MDMA is a psychoactive drug rapidly absorbed by the body which increases heart rate and blood pressure, giving individuals a feeling of euphoria and energy when ingested at the right dosage. This is caused by increased dopamine and norepinephrine neurotransmitter levels. However, excessive use of MDMA can result in brain cell damage and depletion of serotonin, a neurotransmitter responsible for sleep, memory, learning and mood. The half-life of MDMA is seven hours, during which time it is metabolized to MDA, found in blood and plasma. Although the effects of the stimulant only last between two to four hours on average, it could take the brain about a week to restore neurotransmitters to normal levels. Since many effects of MDMA are specific to an individual’s health and genetic makeup, it could take the brain weeks, even months, to down-regulate receptors.
“MDMA increases levels of oxytocin, a hormone responsible for pro-social behavior, including heightened sociability and greater emotional closeness with others,” Cedric Hysek of UC San Diego’s department of psychiatry said. “The mechanism is not yet fully understood, but is thought to be triggered by the MDMA-induced serotonin release.”
In 2012, Hysek conducted a study with his colleagues to evaluate how persons on MDMA interpret facial expressions. The researchers used the Reading the Mind in the Eyes Test (RMET), in which the participants are shown multiple images of eyes and are asked to describe the emotion behind each set of eyes.
Under strictly controlled conditions, the volunteers who took MDMA exhibited better recognition of positive emotions, but poorer recognition of negative emotions. They often misconstrued negative and threatening facial expressions as neutral, positive or sometimes friendly notions.
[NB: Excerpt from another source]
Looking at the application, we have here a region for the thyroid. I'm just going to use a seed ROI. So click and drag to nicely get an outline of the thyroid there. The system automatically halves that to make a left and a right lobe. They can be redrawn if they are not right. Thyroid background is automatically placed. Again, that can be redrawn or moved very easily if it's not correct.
“To ensure that participants were not all just giving positive responses to every emotion, we looked at the answers participants gave when they were not able to decode the emotion,” Hysek said. “There was no shift toward positive emotions for negative nor neutral valances after MDMA compared with placebo.”
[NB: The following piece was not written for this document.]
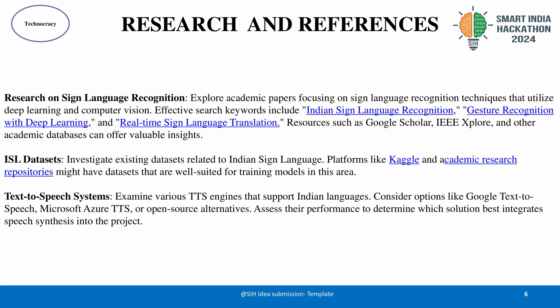We have explored academic papers on sign language recognition techniques, focusing on deep learning and computer vision. Resources like Google Scholar and IEEE Xplore provide valuable insights into current methodologies. Existing datasets related to Indian Sign Language are crucial for training our models, and platforms like Kaggle and academic research repositories offer suitable datasets. We also examined various TTS engines including Google Text-to-Speech, Microsoft Azure TTS, and open-source alternatives to ensure high-quality multilingual support.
Matthew Kirkpatrick, assistant professor in the Keck School of Medicine at the University of Southern California, later collaborated with four other scientists to measure the effects of MDMA and oxytocin on emotional and social processing. Kirkpatrick used the Morphed Facial Expression Task (mFER), a technique in which a computer program morphs a neutral face with no emotion to a second face with full-intensity emotion. Participants are then asked to identify the various expressions. This study reinforces Hysek’s findings in that the participants were inaccurate in identifying negative emotions, but very astute to positive emotions.
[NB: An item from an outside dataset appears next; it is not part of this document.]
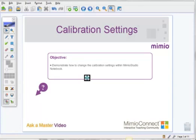Now, if your projector is mounted and therefore not moving on a daily basis, I would definitely recommend that you change your calibration settings to use a previous calibration. That way, you don't have to calibrate each time you want to use your Mimeo.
In an experiment conducted by Charles Frye of the University of Chicago’s department of psychiatry and behavioral neurosciences, MDMA consumers reported decreased social rejection and increased self-esteem when participating in a virtual social simulation task.
Given the results of many recent psychiatric studies involving MDMA, drug companies have looked to developing products that take advantage of oxytocin’s pro-social benefits for psychotherapy. One disorder that researchers believe could be alleviated with enhanced oxytocin production — possibly through consumption of MDMA — is PTSD. English neurologists suggest that, the more often individuals are exposed to negative memories while under the “happy” spell of MDMA, the more desensitized they will become to their traumatic memories.
MDMA was once used as a therapeutic drug in psychiatry during the 1970s, but because of the potential for abuse and insufficient medical benefit, the Drug Enforcement Administration labelled MDMA illegal in 1985. As a result, research on MDMA remains very inhibited, making the endeavor to prove MDMA’s beneficial psychiatric role difficult for scientists.